En un mundo desacralizado en el que tantos chavales pasan la mayor parte de su tiempo ante una pantalla de móvil o de un ordenador, parece casi un milagro que algunos encuentren en la Iglesia un punto de encuentro ilusionante.
El viernes pasado, en nuestra casa de hermandad, mientras el equipo de Mayordomía y el grupo joven daban los últimos toques al pasito de la Cruz de Mayo, apareció un chaval de unos 11 años, que se asomaba tímidamente por la gran puerta entreabierta. Miraba con inusitada admiración aquel paso con la Cruz desnuda, que un grupo de hermanos adornaba con claveles. Me acerqué a él intuyendo su timidez y lo invité a pasar.

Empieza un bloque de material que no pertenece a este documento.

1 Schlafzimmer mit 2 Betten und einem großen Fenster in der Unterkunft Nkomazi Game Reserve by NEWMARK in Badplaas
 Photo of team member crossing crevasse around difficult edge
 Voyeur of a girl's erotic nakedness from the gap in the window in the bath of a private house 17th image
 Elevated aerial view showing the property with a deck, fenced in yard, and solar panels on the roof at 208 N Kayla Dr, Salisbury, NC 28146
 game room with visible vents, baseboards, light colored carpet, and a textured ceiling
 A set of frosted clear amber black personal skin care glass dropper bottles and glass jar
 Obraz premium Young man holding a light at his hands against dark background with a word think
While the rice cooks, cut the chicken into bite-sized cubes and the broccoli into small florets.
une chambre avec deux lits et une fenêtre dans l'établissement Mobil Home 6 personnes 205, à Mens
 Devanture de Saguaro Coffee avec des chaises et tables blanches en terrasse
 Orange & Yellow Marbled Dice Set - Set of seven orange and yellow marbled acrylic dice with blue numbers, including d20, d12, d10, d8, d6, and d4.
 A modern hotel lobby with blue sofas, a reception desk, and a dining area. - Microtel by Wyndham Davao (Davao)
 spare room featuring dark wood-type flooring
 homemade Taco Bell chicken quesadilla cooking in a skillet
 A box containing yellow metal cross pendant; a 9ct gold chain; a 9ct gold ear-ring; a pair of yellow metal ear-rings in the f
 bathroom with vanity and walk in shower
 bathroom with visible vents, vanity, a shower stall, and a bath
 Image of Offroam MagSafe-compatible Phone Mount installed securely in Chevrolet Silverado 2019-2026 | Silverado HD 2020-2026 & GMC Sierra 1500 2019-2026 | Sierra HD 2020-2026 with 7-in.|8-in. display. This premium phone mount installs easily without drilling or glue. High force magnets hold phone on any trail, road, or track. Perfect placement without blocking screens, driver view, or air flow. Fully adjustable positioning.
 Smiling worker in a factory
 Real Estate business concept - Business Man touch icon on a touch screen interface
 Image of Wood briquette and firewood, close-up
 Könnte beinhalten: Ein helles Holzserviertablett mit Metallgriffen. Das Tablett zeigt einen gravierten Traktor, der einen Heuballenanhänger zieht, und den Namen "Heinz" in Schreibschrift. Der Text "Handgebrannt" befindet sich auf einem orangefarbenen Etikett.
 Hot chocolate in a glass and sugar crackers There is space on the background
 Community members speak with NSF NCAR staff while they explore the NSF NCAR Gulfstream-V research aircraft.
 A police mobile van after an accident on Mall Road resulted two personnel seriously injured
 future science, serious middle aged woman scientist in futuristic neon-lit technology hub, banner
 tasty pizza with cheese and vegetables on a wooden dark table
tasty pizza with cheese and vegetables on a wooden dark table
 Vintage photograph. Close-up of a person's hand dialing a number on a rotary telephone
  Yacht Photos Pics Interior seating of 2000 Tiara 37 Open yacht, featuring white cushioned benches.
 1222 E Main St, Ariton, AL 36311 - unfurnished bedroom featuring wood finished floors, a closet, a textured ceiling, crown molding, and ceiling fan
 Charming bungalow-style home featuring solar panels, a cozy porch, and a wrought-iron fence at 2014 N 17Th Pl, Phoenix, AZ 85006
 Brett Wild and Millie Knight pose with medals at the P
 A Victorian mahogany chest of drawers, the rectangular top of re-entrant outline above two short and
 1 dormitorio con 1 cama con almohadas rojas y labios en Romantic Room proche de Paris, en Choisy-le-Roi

-Me gustaría cargar pero no soy hermano, me dijo.
- ¿Y qué? Le respondí. Esta casa es de todos y esa Cruz también. Sólo que tienes que igualar y eso ya no es posible. El año que viene contamos contigo.
Con más confianza, se adentró en la casa y le presenté a la responsable del grupo joven, que estaban afianzándose en la Cruz de flores del patio. Esa Cruz de dolor y de esperanza que nuestro Señor nos dejó por puro amor a la humanidad.
Y pensé con alegría que todo aquello era bueno. Que ese grupo de jóvenes estaba trabajando alrededor de aquel símbolo que Santa Elena adoró hace casi 2000 años. Que la fuerza de Dios obraba a través de nuestras hermandades, sembrando ilusión en los niños y atrayéndolos hacia su Iglesia. Y si somos apóstoles del siglo XX, saber enseñarles el sentido de esa Cruz y hacerlos verdaderos testigos del que murió en ella. Quizás entonces , forjaremos mejores cristianos y buenas personas que llenen sus vidas de Cristo.
Quizás entonces vayamos a los templos no solo para bautizarnos, hacer la Comunión, casarnos o recibir el último adiós. Quizás entonces entendamos aquellas palabras de Jesús... “Dejad que los niños se acerquen a mí, porque del que es como un niño, es el Reino de los Cielos".